THE LEGEND OF LAMECH—HEBREW ETYMOLOGY.

(Vol. vii., p. 363.)

Etymologists are a race who frequently need to be drawn up with a somewhat tight rein. Our Celtic fellow-subjects will not, perhaps, be much gratified by Mr. Crossley's tracing the first indications of their paternal tongue to the family of Cain; and as every branch of that family was destroyed by the deluge, they may marvel what account he can give of its reconstruction amongst their forefathers. But as his manner of expressing himself may lead some of your readers to imagine that he is explaining Cain, Lamech, Adah, Zillah, from acknowledged Hebrew meanings of any parts of those words, it may be as well to warn them that the Hebrew gives no support to any one of his interpretations. If fancy be ductile enough to agree with him in seeing a representation of a human arm holding a sling with a stone in it in the Hebrew letter called lamed, there would still be a broad hiatus between such a concession, and the conclusion he seems to wish the reader to draw from it, viz. that the word lamed must have something to do with slinging, and that consequently lamed must be a slinger. The Hebrew scholar knows that lamed indisputably signifies to teach; and though perhaps he may not feel sure that the Hebrew consonant l obtained its name from any connexion with that primary meaning of the root lamed, he will not think it improbable that as the letter l, when prefixed to a noun or verb, teaches the reader the construction of the sentence, that may have been the reason for its being so named.

As to a legend not traceable to within some thousand years of the facts with which it claims to be connected, those may take an interest in it who like so to do. But as far as we may regard Lamech's address to his wives in the light of a philological curiosity, it is interesting to observe how naturally the language of passion runs into poetry; and that this, the most ancient poetry in existence, is in strict unison with the peculiar character of subsequent Hebrew poetry; that peculiarity consisting of the repetition of clauses, containing either the same proposition in a slightly different form, or its antithesis; a rhyme of thoughts, if we may so say, instead of a rhyme of sounds, and consequently capable of being preserved by a literal translation.

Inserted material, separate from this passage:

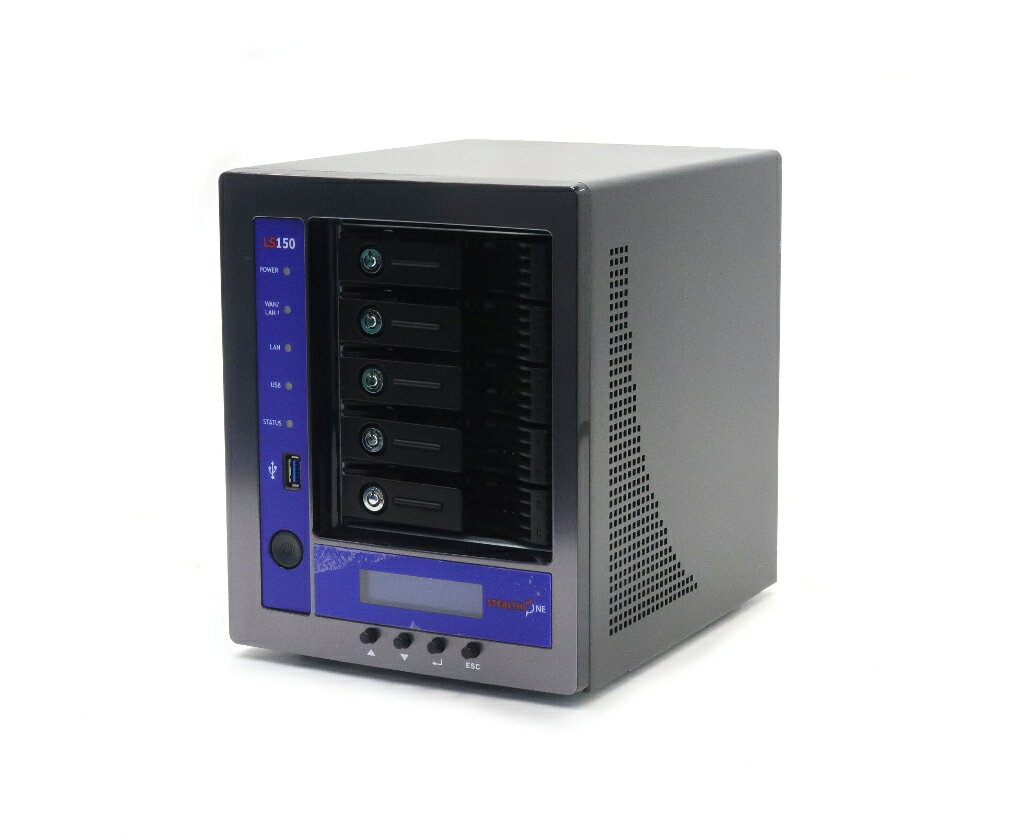 Y's corporation STEALTH ONE LS150 Atom C3558 2.2GHz 3927MB 2TBx2台(SATA3.5イ...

And Lamech said unto his wives,—

"Adah and Zillah, hear my voice;

Ye wives of Lamech, hearken unto my speech,

For I have slain a man to my wounding,

And a young man, to my hurt.

If Cain shall be avenged seventy-fold,

Truly Lamech, seventy and seven-fold."

The construction is more favourable to the belief that the man of line third is the same as the young man of the parallel clause, than that he had slain two; the word rendered hurt is properly a wheal, the effect of a severe strife or wound.

As to the etymologies of the names mentioned by Mr. Crossley, we gather from God's words that she called her first son Cain, an acquisition (the Latin peculium expresses it more exactly than any English word), because she had gotten (literally acquired, or obtained possession of) a man. As for Lamech, or more properly Lĕmĕch, its etymology must be confessed to be uncertain; but there is a curious and interesting explanation of the whole series of names of the patriarchs, Noah's forefathers, in which the name of the other Lemech, son of Methusaleh, is regarded as made up of , the prefixed preposition, and of mech, taken for the participle Hophal of the verb to smite or bruise. Adah,

אדה

, is ornament; Zillah,

צלה

may mean the shade under which a person reposes; or if the doubling of the l is an indication that its root is

צלל

, it may mean a dancer.

H. Walter.

Allow me, in reference to Mr. Crossley's remarks, to say, that from the accidental resemblance of the Hebrew and Celtic words Lamech and Lamaich, no philological argument can be drawn of identical meaning, any more than from the fact that the words Nebuchadnezzar, Belshazar, or Belteshassar[[2]], are significant in Russian

and Sclavonian, as well as in Chaldee. Lamache in Arabic means (see Freytag) "levi intuitu et furtim adspicere aliquem;" also to shine, as lightning, or a star. Lamech, therefore, is an appropriate designation for a man known to prowl about for plunder and murder, and whose eye, whether taking aim or not, would give a sudden and furtive glance.

The word lamed signifies, in Hebrew, teaching; the word Talmud is from the same root. It is the same in Syriac and Chaldee. The original significant of these three languages is to be found in the Arabic Lamada: "Se submisit alicui; humiliter se gessit erga aliquem." (Freytag.) No argument can be drawn from the shape of the letter

ל

(lamed), because, although popularly so called, it is not a Hebrew letter, but a Chaldee one. The recent discoveries, published in Layard's last work, demonstrate this fact; Mr. Layard falls into the mistake of calling the basin inscriptions Hebrew, although Mr. Ellis, who had translated them, says expressly that the language is Chaldee (Nineveh and Babylon, p. 510.), one of them only being Syriac (p. 521.). Chaldee and Syriac, indeed, differ from each other as little as Chaucer's and Shakspeare's English, although the written characters are wholly distinct.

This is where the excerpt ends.